Ekonomiyle siyaset, piyasayla devlet, alışverişlerle kimlik arasında bölünmüş 'parçalı bir dünya imgesi' ile 'yeni gerçekliğin' yapı taşları oluşturulmaya çalışılmakta. Öte yandan, mega-kent kaosu ile eşanlı dünyanın görünür karmaşıklığı, çıkarların çeşitliliği ve artan tutkuların düzensizliği bu kabule karşı direnmekte...Yaşanan kaos ve hayal kırıklıkları içinde 'akıl' bundan böyle hem amaç hem de araç niteliğini kaybetmekte, sürekli imdada yetişen duygular da artık yorulup halsiz düşmekte!

Tahminim o ki, inanç etiğiyle sorumluluk ahlâkı arasındaki karşıtlık hiç bu kadar büyük olmamıştı.

Düşünüyorum da... Gün boyu dijital sağanaklar halinde üzerimize yağan enformatik yönlendirmeler ile daha çok tüketim odaklı, oldukça sığ küresel kültür nedeniyle bu tür oluşum ve eylemlere gözü kapalı ayak uyduran da, yine bu yerküreyi paylaşan biz insanlarız. Ama bu gidişatı düzeltecek olan da yine bizleriz!
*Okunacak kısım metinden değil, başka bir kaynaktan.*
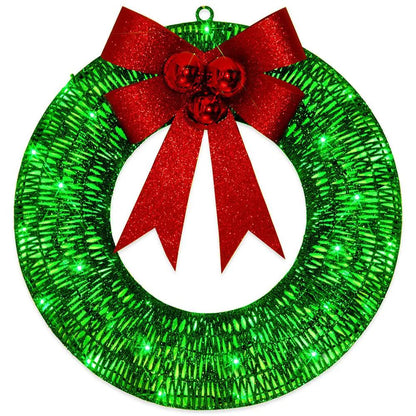 Christmas wreath with green LED lights and red glitter bow for front door decor.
Muammanın pençesinde, kaotik belirsizlikler altında, umut adına elde ne var ? Doğasına (ve doğaya) dönük özgür insan iradesi, bir arada olabilme ve böylece mevcut kaosu değiştirebilme gücü dışında...

Peki çözüm ne olabilir?

Son krizde de görüldüğü gibi aşırı bencillik, arsızlık ve akıldışılıklar sonucu 'toplumdışılaşmış bir para ekonomisi' ile 'hoşgörüsüz, dayanışma yoksunu bir toplulukçuluğu' dizginleyebilecek, kişisel özgürlükler, haklar, sorumluluk, etik, çevre koruma ve yaratıcılıktan yana ağırlık koyan ' çağdaş, planlı, kamusal ve katılımcı toplumlar' şeklinde kent ve ulusal yönetim örgütlenmelerine geçilmesi! (**) Mevcut üretim ve bölüşüm ilişkileri tümüyle değiştirilemiyorsa bu kısa ve orta vadeli bir öneridir.

Giderek uygulamada daha da yozlaşan 'sözde demokrasi-piyasa ekonomisi-küreselleşme-mikro etnisite' kutsal dörtlüsüne karşı önerim bu! İnsanlık olarak ancak bu şekilde rahatça birarada yaşabiliriz kanısındayım.

(*) Konuyla bağlantılı bir şiirim için kkz. http://blog.milliyet.com.tr/Blog.aspx?BlogNo=124396

(**) Konuyla bağlantılı bir bloğum için bkz. http://blog.milliyet.com.tr/Blog.aspx?BlogNo=115806

İ.Ersin KABAOĞLU

19 Aralık 2008, Ankara

 
Toplam blog
: 366
: 2333
Kayıt tarihi
: 05.10.07
 
 

Samsun/Ladik doğumluyum. Çocukluğum ve ilk gençlik yıllarım babamın görevi gereği ülkemizin Orta ..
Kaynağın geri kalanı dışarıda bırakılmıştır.